Several previous studies demonstrate that there is a view that the public health community should encourage worry about the poisoning risk:

An anti-tobacco QUANGO of the Virginia state government calling itself “Virginia Foundation for Healthy Youth” issued a press release [1] reporting that when teens were presented with dissolvable tobacco products without any context, they often thought they were mints or candies. While it might be considered a minor limitation of the study that the methods and actual results of the study were never reported or that the research was designed and conducted by high school students without any apparent supervision by scientists, the subsequent wide coverage in the popular press confirms that it was credible, important, high-quality research.
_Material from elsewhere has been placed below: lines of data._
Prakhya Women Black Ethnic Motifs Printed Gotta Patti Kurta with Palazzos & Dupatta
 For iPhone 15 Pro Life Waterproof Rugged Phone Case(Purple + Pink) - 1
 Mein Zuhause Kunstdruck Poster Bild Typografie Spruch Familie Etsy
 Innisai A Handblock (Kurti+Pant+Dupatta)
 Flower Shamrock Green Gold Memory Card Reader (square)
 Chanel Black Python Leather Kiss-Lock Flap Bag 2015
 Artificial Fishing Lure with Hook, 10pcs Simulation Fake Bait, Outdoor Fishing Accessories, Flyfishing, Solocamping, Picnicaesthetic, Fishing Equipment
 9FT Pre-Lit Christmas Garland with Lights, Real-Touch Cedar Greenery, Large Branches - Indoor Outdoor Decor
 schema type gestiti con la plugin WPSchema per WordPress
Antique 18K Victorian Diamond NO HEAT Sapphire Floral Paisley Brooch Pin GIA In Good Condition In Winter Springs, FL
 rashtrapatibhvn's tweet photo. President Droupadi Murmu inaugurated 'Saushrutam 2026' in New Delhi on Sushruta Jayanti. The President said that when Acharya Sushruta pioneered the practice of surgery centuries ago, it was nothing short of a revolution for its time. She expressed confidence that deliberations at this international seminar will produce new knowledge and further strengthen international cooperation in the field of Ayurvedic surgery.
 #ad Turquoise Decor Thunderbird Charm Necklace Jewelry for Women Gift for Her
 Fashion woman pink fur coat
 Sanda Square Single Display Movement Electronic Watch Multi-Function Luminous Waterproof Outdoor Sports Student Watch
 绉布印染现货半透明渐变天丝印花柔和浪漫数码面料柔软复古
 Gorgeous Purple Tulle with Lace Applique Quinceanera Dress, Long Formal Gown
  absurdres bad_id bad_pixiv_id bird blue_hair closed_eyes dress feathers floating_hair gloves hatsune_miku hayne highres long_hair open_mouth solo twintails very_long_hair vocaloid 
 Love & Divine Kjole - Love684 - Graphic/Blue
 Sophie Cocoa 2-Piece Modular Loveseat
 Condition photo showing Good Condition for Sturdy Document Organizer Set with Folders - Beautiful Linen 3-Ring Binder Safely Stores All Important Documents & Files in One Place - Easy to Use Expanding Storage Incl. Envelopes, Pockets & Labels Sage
We’ve been writing off and on about this for years (see Like candy to children and Iowa more worried about candy than cigarettes but take the time and check this latest one out. At least a couple of laughs guaranteed.

3 thoughts on “We should really be doing this more often…

  1. Common sense would indicate children more likely to think a mint or cherry-mint flavoured Nicorette lozenge or gum, which looks identical to candy, would be more likely to be taken as candy than would be something looking like a teabag pouch, which would not look like candy. So why not go after GSK and J&J rather than beating up on snus. Plus the Nicorettes are not age restricted where-as snus is and thus less likely to fall into childrens’ hands.

  2. If you can not identify a product, then it is common sense that you will rely on previous experience to identify the product you had previously tried and most kids experience candy.